本文為2024/08/14東京都立大學都市環境學部饗庭伸教授受邀至台灣大學建築與城鄉研究所分享於東京都世田谷區參與社區營造的座談紀錄。座談由台大城鄉所副教授黃舒楣主持;與談人為陳亮全、連振佑、黃瑞茂三位老師。日文演講由戴開成協助翻譯。

來舉辦一場關於世田谷區50年社區營造發展史的展覽吧!

「大家好,歡迎!」我現在53歲,身處於日本世田谷,這個地區以其街頭建築和社區營造的先進性而聞名。世田谷的街頭建築發展歷程可以追溯到1975年,那年世田谷市政府在選舉期間開始選擇市長,而這一變化對於地區的街頭建築有著深遠的影響。在那個時候,日本的城市建設經歷了巨大的變動,尤其是對於街區建設和居民選舉的嘗試。世田谷的街頭建築開始受到重視,並逐步形成了自己的特色。1975年,世田谷政府在街頭建築方面做了不少嘗試,從那時起,居民選舉和社區活動開始成為建設的一部分。尤其是今年春天,我們舉辦了一個50周年紀念展覽,回顧了過去的街頭建築歷程,並展示了這些年來的變遷和成就。
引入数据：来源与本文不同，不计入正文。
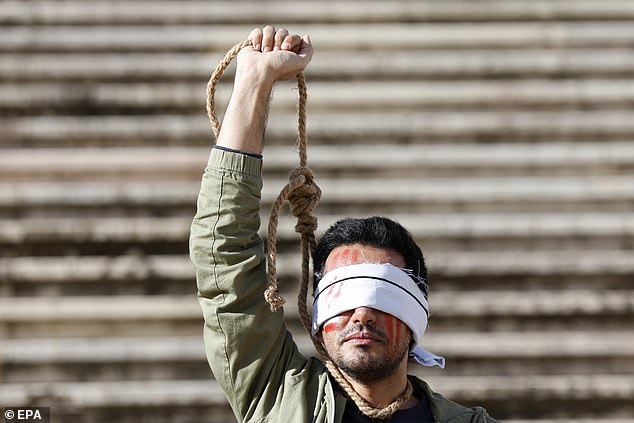 A demonstrator from the Iranian Portuguese community protests in front of the Parliament building in Portugal following Iran's sentencing to death and public execution of two young demonstrators, Mohsen Shekari and Majidreza Rahnavard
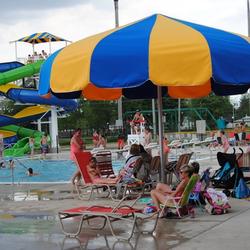 People enjoying the Portland, IN Waterpark on a warm summer day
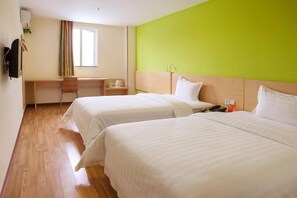 A hotel room with two beds, a desk, and a chair. - 7 Days Inn (Huizhou)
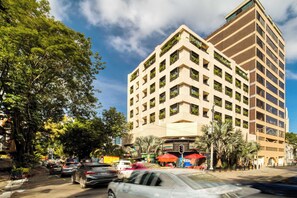 A multi-story hotel with balconies, a street view, and palm trees.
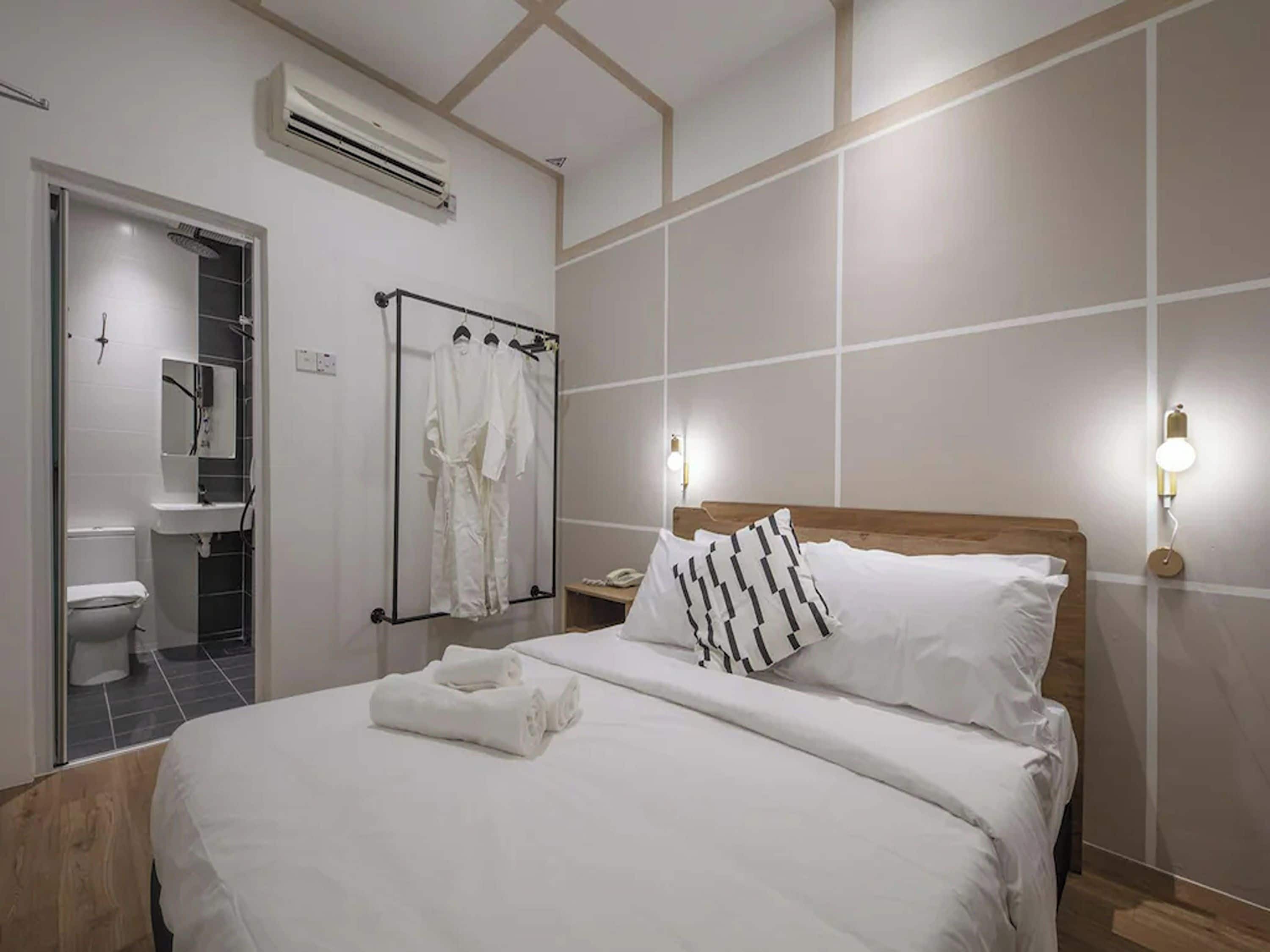 A hotel room with a bed, a bedside table, a nightstand, a wall-mounted light, a towel on the bed, a shower area, and a toilet.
日本世田谷區的社區營造是1975年開始發展。在饗庭伸老師主導下,決定今年舉行50年回顧展。海報設計清楚呈現,此次展覽著重在探索世田谷街區的生活力量,而非傳統認知的「社區營造」,因此社區營造的文字只有小小的放在旁邊。展覽由10位夥伴一起策劃,並達成共識就是「目前的社區營造有一點內捲」。社區營造是一個充滿挑戰的過程。在展覽中,我們也展示了社區營造的相關經驗和挑戰。目前支持日本社區營造最具體的制度是社區營造基金之運作,它每年提供大約六七百萬日元的資金來支持各種社區建設活動。這些資金幫助市民提案和實施自己的計劃,但每次的參與人數往往難以突破一百人。沒有更多了。我們在2021年做了一個youtube節目,24小時不停的邀請大家討論「什麼是社造?」,參與演講的人數達到100位,但是聽眾卻只有30位。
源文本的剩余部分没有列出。